One of the Trust’s early successes has been to mobilise different public and private groups in Stamford, bringing them together on work to restore a major public asset in the town neglected for decades – the old Mill Stream. Work groups of over 70 people regularly turn out to clear mud and rubbish, cut fallen trees and open up the watercourse. Masters students from the University’s Geography Department helped design restoration plans which will be implemented with a grant from the US engineering company Cummins, which has a production plant in the town.
Dr Harper and the Welland Rivers Trust, working with the Innovations Partnership team of the University’s Enterprise & Business Development Office, submitted the application to Defra’s Catchment Restoration Fund to win the money for the Harborough restoration project. The bid was also made in partnership with the University’s new Centre for Landscape & Climate Research, The Environment Agency and Harborough District Council.
Dr Harper said: “This is another good example of the University reaching out to the community and using its skills to benefit people and nature in the counties that surround it.”
“I have spent my career researching the Welland and using it to teach students from all over the world what ecology and conservation is all about.

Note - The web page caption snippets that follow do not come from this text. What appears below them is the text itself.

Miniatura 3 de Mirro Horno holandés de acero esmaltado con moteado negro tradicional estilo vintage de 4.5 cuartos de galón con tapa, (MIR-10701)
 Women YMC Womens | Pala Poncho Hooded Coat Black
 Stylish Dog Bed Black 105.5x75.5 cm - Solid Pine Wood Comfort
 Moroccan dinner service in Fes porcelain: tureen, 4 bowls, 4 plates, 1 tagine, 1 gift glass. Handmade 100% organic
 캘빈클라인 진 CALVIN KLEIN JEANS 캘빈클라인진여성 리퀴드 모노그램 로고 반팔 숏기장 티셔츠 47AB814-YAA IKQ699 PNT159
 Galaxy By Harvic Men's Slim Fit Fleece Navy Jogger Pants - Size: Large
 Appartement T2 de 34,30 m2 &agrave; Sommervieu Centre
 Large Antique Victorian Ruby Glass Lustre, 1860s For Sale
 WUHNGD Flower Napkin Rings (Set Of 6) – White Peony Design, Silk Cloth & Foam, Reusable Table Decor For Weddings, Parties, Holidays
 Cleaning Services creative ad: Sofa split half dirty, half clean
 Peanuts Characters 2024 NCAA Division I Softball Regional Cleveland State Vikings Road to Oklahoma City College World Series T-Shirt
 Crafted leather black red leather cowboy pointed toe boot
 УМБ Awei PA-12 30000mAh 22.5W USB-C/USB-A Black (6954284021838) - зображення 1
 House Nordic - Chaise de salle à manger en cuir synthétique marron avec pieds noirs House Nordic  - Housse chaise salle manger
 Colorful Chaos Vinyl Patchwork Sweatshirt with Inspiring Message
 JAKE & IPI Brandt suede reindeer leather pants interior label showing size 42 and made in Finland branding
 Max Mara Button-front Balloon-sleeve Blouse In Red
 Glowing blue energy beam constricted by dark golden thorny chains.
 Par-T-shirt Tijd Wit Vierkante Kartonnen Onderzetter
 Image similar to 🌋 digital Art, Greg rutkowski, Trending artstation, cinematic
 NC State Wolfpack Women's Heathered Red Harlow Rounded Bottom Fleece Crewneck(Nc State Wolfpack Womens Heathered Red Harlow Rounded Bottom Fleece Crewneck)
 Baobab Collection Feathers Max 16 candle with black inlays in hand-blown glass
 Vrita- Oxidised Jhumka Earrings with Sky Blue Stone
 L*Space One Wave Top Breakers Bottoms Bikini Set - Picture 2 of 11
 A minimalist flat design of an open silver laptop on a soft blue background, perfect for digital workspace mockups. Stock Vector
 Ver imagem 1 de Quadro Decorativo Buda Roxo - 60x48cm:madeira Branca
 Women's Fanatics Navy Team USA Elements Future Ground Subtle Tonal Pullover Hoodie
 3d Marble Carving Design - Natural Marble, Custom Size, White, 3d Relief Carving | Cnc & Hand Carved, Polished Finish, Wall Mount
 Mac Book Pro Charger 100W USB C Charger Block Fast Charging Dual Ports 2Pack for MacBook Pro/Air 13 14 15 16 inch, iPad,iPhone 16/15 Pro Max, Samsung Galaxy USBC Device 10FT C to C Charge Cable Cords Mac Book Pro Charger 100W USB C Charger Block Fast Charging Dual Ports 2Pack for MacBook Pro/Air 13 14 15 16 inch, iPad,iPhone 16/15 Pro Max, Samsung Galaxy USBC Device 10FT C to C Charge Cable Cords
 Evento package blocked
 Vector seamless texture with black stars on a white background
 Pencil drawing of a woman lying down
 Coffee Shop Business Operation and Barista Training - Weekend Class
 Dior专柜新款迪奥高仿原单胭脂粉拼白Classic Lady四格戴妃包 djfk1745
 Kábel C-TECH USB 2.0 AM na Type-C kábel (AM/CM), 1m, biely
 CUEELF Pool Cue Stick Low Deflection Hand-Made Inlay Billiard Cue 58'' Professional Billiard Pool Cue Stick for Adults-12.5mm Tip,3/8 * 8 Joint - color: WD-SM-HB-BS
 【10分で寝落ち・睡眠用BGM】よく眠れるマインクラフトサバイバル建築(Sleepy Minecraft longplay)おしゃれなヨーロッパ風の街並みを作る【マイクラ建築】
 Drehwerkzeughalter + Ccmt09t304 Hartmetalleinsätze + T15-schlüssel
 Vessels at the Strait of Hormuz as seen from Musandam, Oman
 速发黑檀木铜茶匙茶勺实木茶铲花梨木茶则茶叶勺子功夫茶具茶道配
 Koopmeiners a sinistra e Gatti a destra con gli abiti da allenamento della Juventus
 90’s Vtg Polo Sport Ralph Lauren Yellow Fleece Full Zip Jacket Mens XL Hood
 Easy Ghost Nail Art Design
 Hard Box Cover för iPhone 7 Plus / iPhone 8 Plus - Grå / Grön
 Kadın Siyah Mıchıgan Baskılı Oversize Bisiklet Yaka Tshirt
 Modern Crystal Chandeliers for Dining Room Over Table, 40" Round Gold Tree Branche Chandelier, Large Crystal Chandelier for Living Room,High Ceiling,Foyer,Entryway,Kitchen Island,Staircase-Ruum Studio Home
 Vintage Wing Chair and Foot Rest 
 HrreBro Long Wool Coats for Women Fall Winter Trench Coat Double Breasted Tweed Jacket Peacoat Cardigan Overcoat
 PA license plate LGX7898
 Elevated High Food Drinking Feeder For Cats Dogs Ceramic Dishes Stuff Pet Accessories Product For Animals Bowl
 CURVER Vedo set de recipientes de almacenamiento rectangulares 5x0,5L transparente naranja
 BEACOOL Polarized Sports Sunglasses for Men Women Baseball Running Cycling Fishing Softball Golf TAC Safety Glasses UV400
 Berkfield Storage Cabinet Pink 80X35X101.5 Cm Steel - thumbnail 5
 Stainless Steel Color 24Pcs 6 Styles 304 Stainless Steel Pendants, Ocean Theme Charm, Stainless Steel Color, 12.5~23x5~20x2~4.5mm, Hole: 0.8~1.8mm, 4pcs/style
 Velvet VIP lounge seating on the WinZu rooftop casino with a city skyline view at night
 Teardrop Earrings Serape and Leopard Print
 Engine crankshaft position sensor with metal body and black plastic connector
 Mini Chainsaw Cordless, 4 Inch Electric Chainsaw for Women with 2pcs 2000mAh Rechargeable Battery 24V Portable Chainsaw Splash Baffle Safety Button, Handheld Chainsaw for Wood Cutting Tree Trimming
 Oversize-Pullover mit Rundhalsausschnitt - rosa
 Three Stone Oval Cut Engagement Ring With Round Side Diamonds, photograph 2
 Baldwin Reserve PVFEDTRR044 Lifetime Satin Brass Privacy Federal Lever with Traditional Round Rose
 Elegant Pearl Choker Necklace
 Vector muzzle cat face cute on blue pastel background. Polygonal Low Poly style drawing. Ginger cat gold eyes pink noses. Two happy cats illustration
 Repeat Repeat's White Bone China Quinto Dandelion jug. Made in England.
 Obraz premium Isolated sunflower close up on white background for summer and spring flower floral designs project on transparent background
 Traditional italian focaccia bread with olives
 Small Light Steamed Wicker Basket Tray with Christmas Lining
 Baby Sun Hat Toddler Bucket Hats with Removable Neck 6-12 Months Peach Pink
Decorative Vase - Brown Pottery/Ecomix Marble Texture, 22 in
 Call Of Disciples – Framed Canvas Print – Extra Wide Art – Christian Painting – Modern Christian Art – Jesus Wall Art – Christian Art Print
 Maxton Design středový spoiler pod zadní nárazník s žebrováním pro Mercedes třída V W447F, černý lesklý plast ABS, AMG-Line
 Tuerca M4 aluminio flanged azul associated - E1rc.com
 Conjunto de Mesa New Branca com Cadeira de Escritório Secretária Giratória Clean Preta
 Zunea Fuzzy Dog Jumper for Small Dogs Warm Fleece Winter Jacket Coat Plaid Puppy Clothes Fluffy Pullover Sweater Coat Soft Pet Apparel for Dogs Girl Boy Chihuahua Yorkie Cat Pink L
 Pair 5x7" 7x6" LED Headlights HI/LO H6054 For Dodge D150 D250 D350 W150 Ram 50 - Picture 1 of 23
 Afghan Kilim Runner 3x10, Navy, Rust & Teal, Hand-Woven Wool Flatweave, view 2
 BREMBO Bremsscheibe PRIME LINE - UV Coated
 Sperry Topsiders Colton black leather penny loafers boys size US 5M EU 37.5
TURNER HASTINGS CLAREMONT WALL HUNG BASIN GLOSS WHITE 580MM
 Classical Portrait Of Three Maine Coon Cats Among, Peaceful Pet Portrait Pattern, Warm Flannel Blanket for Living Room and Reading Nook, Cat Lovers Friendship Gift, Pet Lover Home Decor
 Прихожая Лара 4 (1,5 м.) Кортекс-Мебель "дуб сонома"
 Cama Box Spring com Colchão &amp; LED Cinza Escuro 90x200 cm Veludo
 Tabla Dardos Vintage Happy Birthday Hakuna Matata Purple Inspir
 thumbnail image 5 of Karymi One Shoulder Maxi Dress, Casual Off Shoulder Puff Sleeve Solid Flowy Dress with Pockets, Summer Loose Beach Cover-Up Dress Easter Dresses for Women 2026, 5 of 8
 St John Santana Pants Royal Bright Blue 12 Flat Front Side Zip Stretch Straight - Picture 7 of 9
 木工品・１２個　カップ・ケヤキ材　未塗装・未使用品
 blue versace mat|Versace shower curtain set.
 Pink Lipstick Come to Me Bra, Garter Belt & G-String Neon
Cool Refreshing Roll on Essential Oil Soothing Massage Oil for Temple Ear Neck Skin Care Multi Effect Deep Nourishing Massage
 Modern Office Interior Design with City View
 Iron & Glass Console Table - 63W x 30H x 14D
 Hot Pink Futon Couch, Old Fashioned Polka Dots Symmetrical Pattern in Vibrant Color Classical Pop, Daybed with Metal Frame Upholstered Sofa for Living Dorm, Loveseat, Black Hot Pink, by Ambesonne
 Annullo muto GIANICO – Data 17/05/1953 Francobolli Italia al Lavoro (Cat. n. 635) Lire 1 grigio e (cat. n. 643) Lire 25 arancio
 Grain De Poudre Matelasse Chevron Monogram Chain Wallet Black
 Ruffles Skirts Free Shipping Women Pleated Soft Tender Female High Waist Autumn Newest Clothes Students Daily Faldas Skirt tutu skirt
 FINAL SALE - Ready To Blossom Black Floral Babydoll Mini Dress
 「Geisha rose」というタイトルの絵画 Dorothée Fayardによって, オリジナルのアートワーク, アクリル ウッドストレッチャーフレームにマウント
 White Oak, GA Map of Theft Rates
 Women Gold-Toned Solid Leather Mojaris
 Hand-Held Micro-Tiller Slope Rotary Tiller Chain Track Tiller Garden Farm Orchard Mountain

“I am really happy that the results of my research findings and my skills are can be used to bring practical improvements to the wildlife and sustainable future of our countryside and its features.
Rivers in urban areas, such as the Welland as it flows through Market Harborough, have suffered even more that rural ones because, apart from containing the same pollution, the 20thCentury attitude that humankind could master nature led to neglect of the river, its wildlife and its enormous recreational potential to the community.
The Welland Rivers Trust has ideas, based on the collective experience of its leaders, about how we can achieve this without increasing the flood risk to the town. The last thing we are going to do, however, is to come in and tell Market Harborough how this is going to be done. The next 3-4 months will be spent on extensive consultations with people and organisations about what they want to see and exactly how best we can merge their vision with ours. It will be an exciting time.”
• The inaugural meeting of the River Welland restoration project takes place on November 1 at 7pm at the Angel Hotel, Market Harborough.